╔══
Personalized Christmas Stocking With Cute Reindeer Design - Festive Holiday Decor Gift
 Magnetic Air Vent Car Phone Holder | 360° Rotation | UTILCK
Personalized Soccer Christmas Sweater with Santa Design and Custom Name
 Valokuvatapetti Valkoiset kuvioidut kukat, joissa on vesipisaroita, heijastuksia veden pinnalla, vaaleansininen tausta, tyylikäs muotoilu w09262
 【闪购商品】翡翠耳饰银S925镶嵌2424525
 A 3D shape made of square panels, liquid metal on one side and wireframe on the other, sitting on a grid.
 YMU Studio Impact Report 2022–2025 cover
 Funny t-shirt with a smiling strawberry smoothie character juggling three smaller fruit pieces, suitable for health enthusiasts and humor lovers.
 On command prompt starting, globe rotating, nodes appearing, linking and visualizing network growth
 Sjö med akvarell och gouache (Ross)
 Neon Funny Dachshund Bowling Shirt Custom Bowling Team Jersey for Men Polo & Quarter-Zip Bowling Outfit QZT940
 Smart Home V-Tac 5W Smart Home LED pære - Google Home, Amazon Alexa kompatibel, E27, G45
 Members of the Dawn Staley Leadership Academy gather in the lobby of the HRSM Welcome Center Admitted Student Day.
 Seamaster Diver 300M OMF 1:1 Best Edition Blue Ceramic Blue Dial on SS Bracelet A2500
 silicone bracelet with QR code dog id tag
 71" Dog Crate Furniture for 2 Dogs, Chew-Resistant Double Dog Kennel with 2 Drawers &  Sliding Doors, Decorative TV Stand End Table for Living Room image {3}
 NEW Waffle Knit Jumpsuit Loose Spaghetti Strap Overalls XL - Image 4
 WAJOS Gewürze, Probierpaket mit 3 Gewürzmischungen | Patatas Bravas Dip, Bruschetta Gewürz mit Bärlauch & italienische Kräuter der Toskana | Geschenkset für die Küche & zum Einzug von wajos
╚══
Return a word-for-word copy of the lines from the beginning of the listing to the line holding "Smart Home V-Tac", both kept.

**Finished exercise**.
Personalized Christmas Stocking With Cute Reindeer Design - Festive Holiday Decor Gift
 Magnetic Air Vent Car Phone Holder | 360° Rotation | UTILCK
Personalized Soccer Christmas Sweater with Santa Design and Custom Name
 Valokuvatapetti Valkoiset kuvioidut kukat, joissa on vesipisaroita, heijastuksia veden pinnalla, vaaleansininen tausta, tyylikäs muotoilu w09262
 【闪购商品】翡翠耳饰银S925镶嵌2424525
 A 3D shape made of square panels, liquid metal on one side and wireframe on the other, sitting on a grid.
 YMU Studio Impact Report 2022–2025 cover
 Funny t-shirt with a smiling strawberry smoothie character juggling three smaller fruit pieces, suitable for health enthusiasts and humor lovers.
 On command prompt starting, globe rotating, nodes appearing, linking and visualizing network growth
 Sjö med akvarell och gouache (Ross)
 Neon Funny Dachshund Bowling Shirt Custom Bowling Team Jersey for Men Polo & Quarter-Zip Bowling Outfit QZT940
 Smart Home V-Tac 5W Smart Home LED pære - Google Home, Amazon Alexa kompatibel, E27, G45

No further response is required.